Usually, relative Rf comes into use here because keeping all the TLC factors constant may not be possible. These aspects include adsorbent, temperature, adsorbent thickness, spotted material’s amount, and solvent system. The formula used for Rf value calculation is:

Rf = (distance covered by the sample) / (distance covered by the solvent)

Thin Layer Chromatography Applications

Just understanding the principle and procedure of TLC is not enough. You also need to learn about thin layer chromatography uses to see how and where it works in the real world. Some standard TLC applications include:

  • Being a separation process, TLC proves to be highly effective for separating pharmaceutical formulations that consist of multiple components. 
  • The process can be used to examine a given product’s purity. 
  • Medicines like local anaesthetics, analgesics, sedatives, hypnotics, anticonvulsant tranquilizers, and steroids go through the TLC procedure for their qualitative testing. 
  • The cosmetic industry also uses TLC for checking the presence of preservatives in the products. 
  • A given compound can be purified using TLC and then compared with a standard sample. 
  • TLC also finds its use in Biochemical analysis.

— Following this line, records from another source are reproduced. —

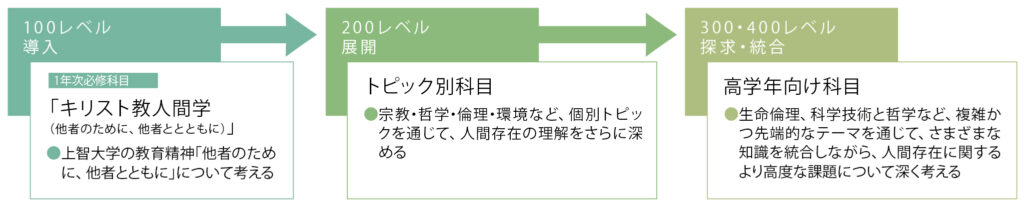 全学共通教育 キリスト教人間学 履修モデル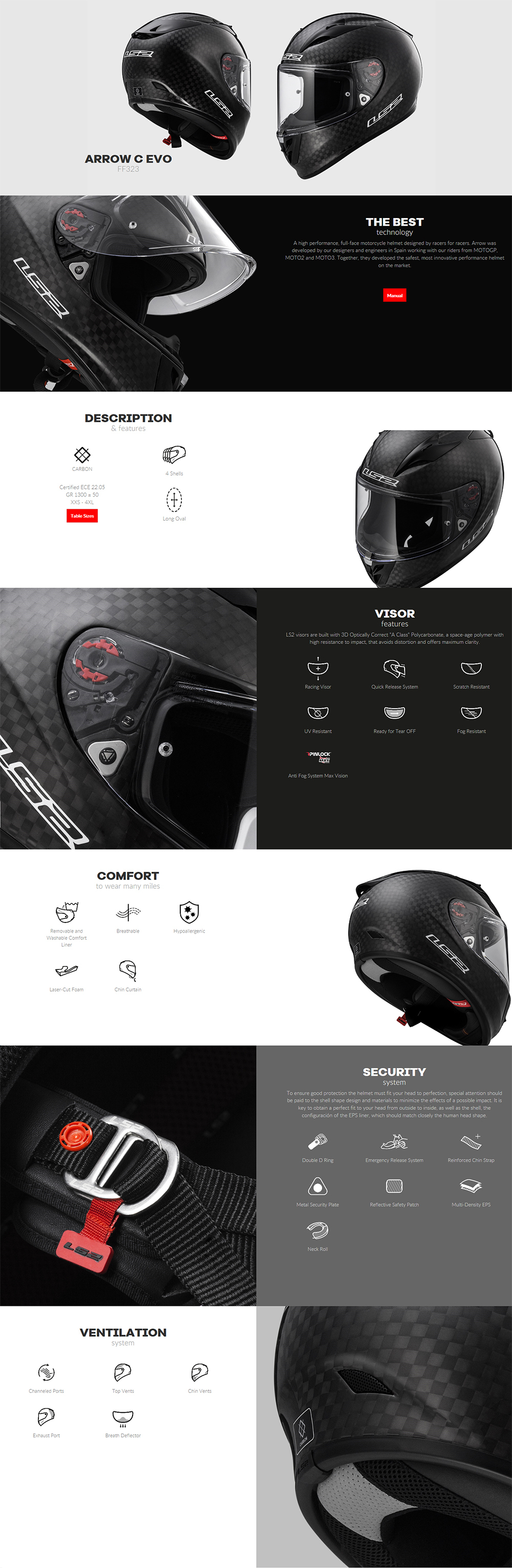 LS2 FF323 ARROW C EVO REPLICA LORIS BAZ CARBON 풀페이스 헬멧 (핀락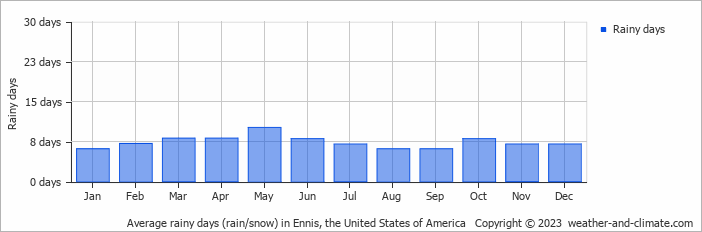 Average monthly rainy days in Ennis, the United States of America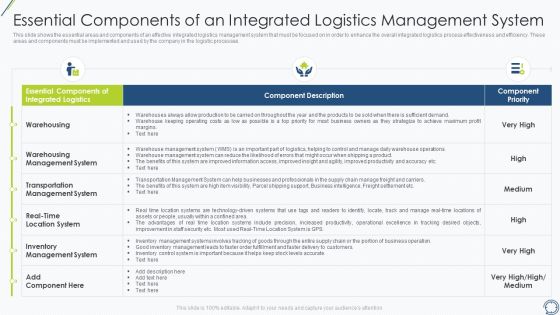Essential Components Of An Integrated Logistics Management System Portrait PDF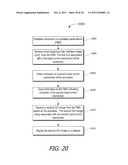 Pushing a Graphical User Interface to a Remote Device with Display Rules     Provided by the Remote Device diagram and image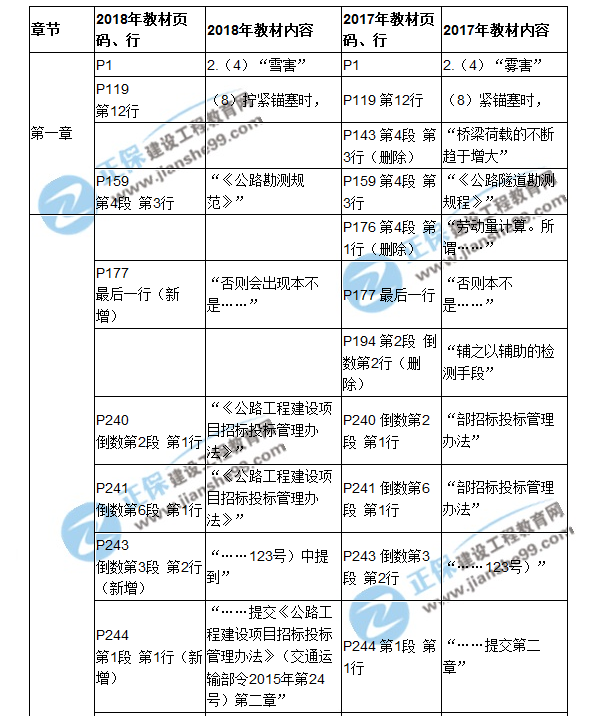 2018二建教材對(duì)比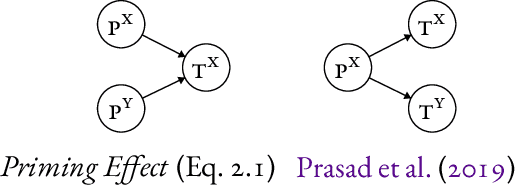 Figure 3 for Finding Structure in Language Models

Here, it can be used for biochemical metabolites’ separation from urine, blood plasma, serum, and body fluids. 
  • Just like the cosmetic industry, the food industry also utilizes TLC for the detection of preservatives, artificial colours, and sweetening agents. 
  • A reaction’s progress can also get tracked with TLC to see whether it is complete or not. 

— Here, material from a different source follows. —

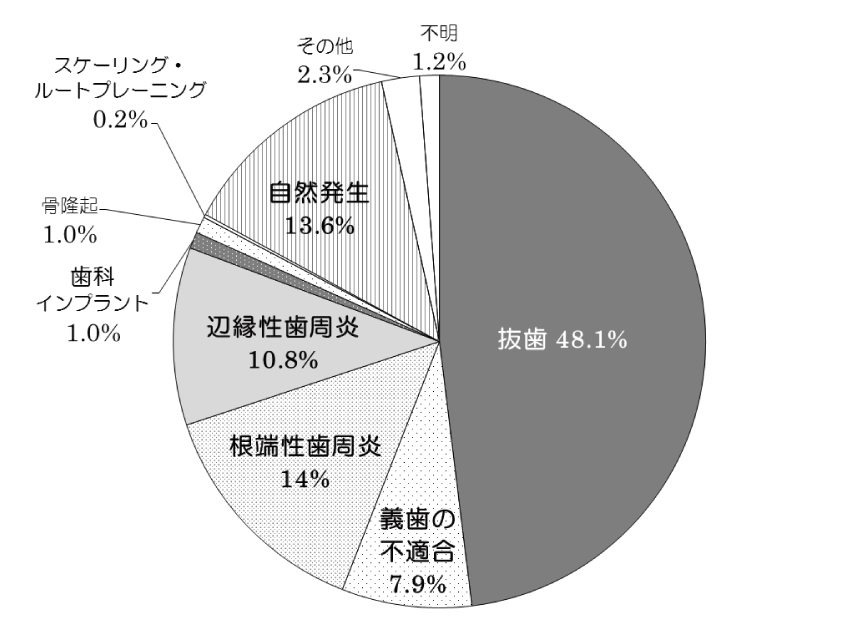 180225_02_顎骨壊死（BRONJ）発生の契機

These were some typical thin layer chromatography applications that you can find at different places. However, the procedure is not limited to these, and you can also see its use in a lot of other industries. 

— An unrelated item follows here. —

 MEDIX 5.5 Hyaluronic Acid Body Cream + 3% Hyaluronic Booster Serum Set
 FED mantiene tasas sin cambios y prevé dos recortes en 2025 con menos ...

Thin Layer Chromatography Benefits and Drawbacks 

Finally, let’s explore some of the benefits and drawbacks of using the thin layer chromatography procedure. 

Advantages of TLC

These include:

  • The separated spots of TLC can be further visualized without any trouble. 
  • This chromatography process is cost-effective as compared to other methods. 
  • It can be used for a number of compounds, and it does not take much time because it is quicker. 
  • The process is much more straightforward than other methods. 
  • TLC makes it simple to analyze any given compound’s purity standards. 
  • Several compounds can easily get isolated through TLC.

Disadvantages of TLC

The drawbacks of the process are:

  • The TLC procedure can not be used for lower detection limit experiments because it has a high detection limit. 
  • The plates used in TLC do not possess a more extended stationary phase. 
  • Result reproduction is challenging in TLC. 
  • TLC is limited to qualitative analysis, and it can not be used for quantitative analysis. 
  • The separation length is also restricted as compared to other chromatography methods.
  • The process here does not take place in a closed system. Therefore, aspects like temperature and humidity can affect the results, making them inaccurate. 

We hope all this information helped you learn everything about the thin layer chromatography concept.